People who are successful are often described as risk-takers. Being a risk-taker means deliberately engaging in an endeavour whose result is partially determined by chance. Therefore, successful risk-takers are by definition lucky risk-takers. Those who did not succeed may have merited the success by any other measure, but they were unlucky risk-takers.
Nevertheless, many, as Frank notes, seem uncomfortable with the possibility that success in the marketplace depends to any significant extent on luck. Frank even shows, using a valid statistical mathematical argument, that the more well-qualified competitors there are for a particular perk – even if the luck component in the result is small – the more likely it is that the winner will be the most lucky, not the best-qualified. Thus, the winner may be very well-qualified, but others who are equally or more well-qualified will not have won.
However, Frank believes the unwillingness to acknowledge the importance of luck may actually be helpful to success.
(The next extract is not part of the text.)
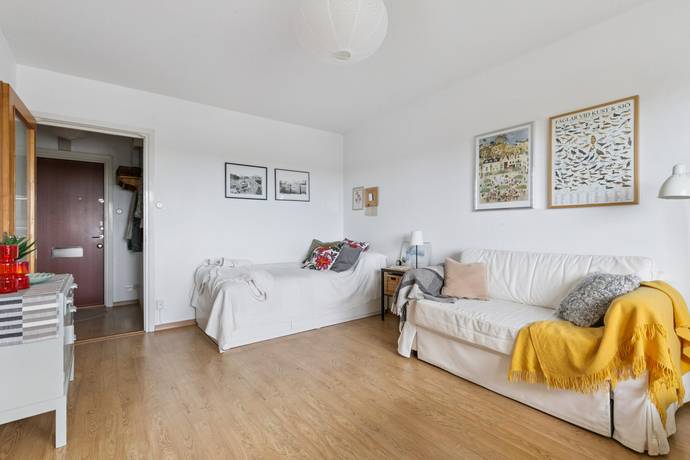 1 rum lägenhet på Filipstadsbacken 46 Farsta Strand, Stockholms kommun - bild 4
If you believed that success is largely a matter of luck, you might be less motivated to work hard, expecting luck to play a determinative role anyway.
Parents who teach their children that luck doesn’t matter, says Frank, may for that very reason be more likely to raise successful children than parents who tell their children the truth.
The “positional goods” tax bracket
From his discussion of the role of luck in success, Frank makes a not very seamless transition to another topic, one that is presumably related, but rather tenuously.
Frank notes that the average American wedding now costs more than $30,000, almost three times as much as in 1980. The median new house, he says, is now 50% larger than in 1980, even though median income has grown only slightly in real terms.
How big should a house be? How much should a wedding cost? “Orthodox economic theories assume, preposterously,” says Frank, “that our answers are completely context-free. Yet all available evidence indicates that people find it impossible even to think about such questions without a suitable frame of reference.”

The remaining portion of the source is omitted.